- Special Pages
Children participating in a water safety programme as part of the Kulluna roadshow held at the City Center yesterday. The programme will continue at the City Center until tomorrow and will be held at the Landmark mall from November 9 to 11, between 4pm and 9pm. Abdul Basit
BY FAZEENA SALEEM
DOHA: In unrelated incidents, two children aged below two died tragically in 2011, having drowned in buckets kept outside their ground floor homes to collect water dripping from air-conditioners.
The tragic deaths were part of 25 cases of children drowning that were reported in the country in 2011 — with a majority of them dying. Most incidents of drowning took place in swimming pools and very few in the sea. This was disclosed yesterday by senior public health officials at a news conference held to announce the launch of a health and safety campaign.
Drowning is a leading cause of death and disability among children in the country, said Hamad Medical Corporation (HMC) experts. “We received 25 cases of drowning last year. Majority were in private and residential compound swimming pools,” said Dr Khalid Alsadi, Senior Consultant, Paediatric Emergency, at HMC.
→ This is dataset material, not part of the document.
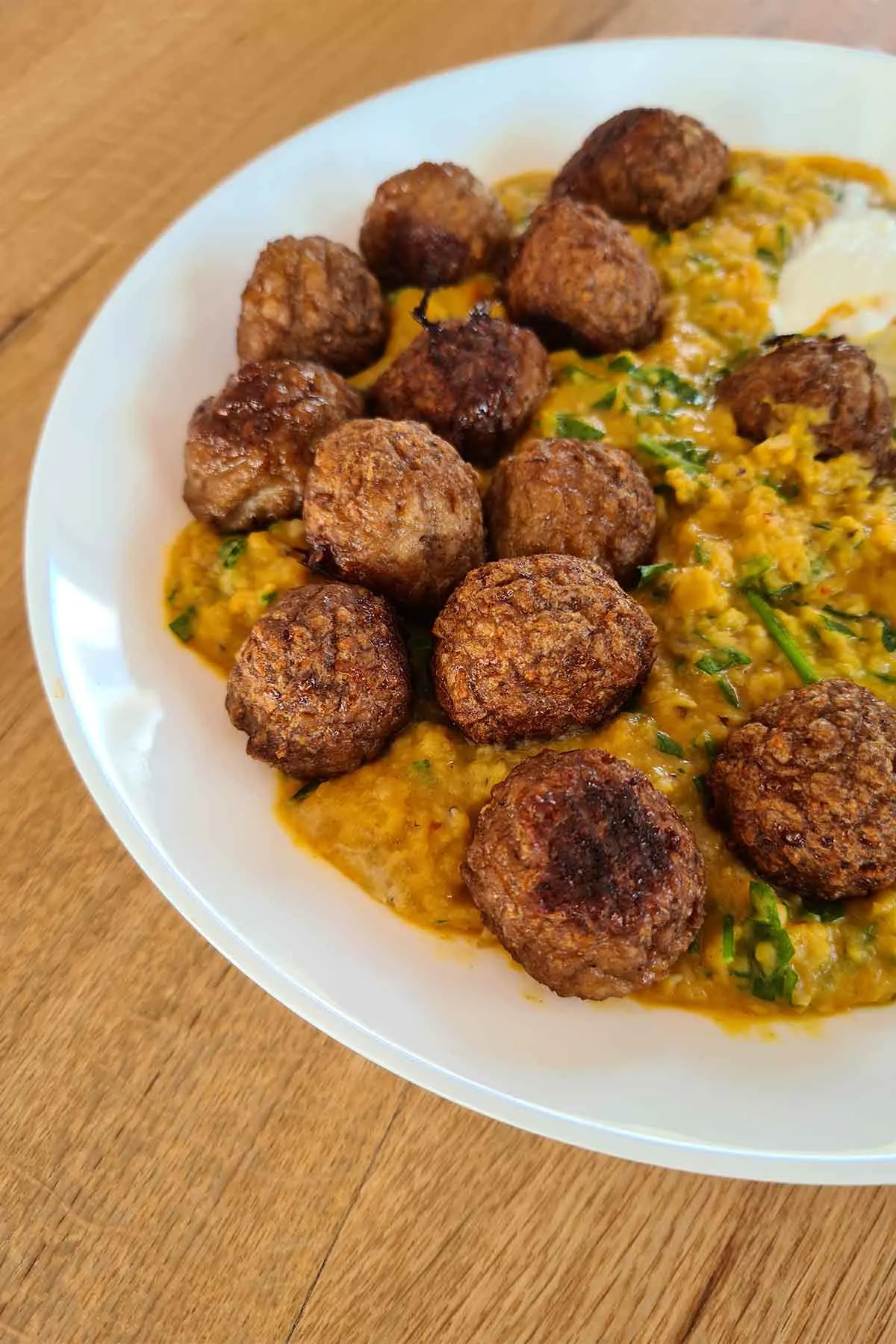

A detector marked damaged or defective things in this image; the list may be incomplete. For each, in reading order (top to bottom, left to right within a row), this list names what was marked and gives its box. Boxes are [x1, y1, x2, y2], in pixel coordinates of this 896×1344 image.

“Among these were the two cases of children who drowned in buckets kept outside homes to collect water dripping from the air-conditioners,” said Dr Alsadi, speaking to media at the first ‘Kulluna - for health and safety’ campaign that began at the City Centee.
Kulluna, launched by HMC, is based on the belief that everyone can take action to improve health, wellbeing and safety for themselves, their family and the community at large. The focus of Kulluna in its first phase is on water safety for children.
Majority of drowning occur in and around homes. Children have drowned in swimming pools, baths, fish tanks, buckets and on building sites and sea. Some 80 percent of children drown when no one is watching them. “Drowning is completely preventable. Lack of safety at swimming pools and adult supervisions are major reasons. In all, 70 percent of incidents would not have happened if there were proper safety measurements in place,” said Alsadi. “Currently, we don’t have safety regulations for swimming pools,” he said.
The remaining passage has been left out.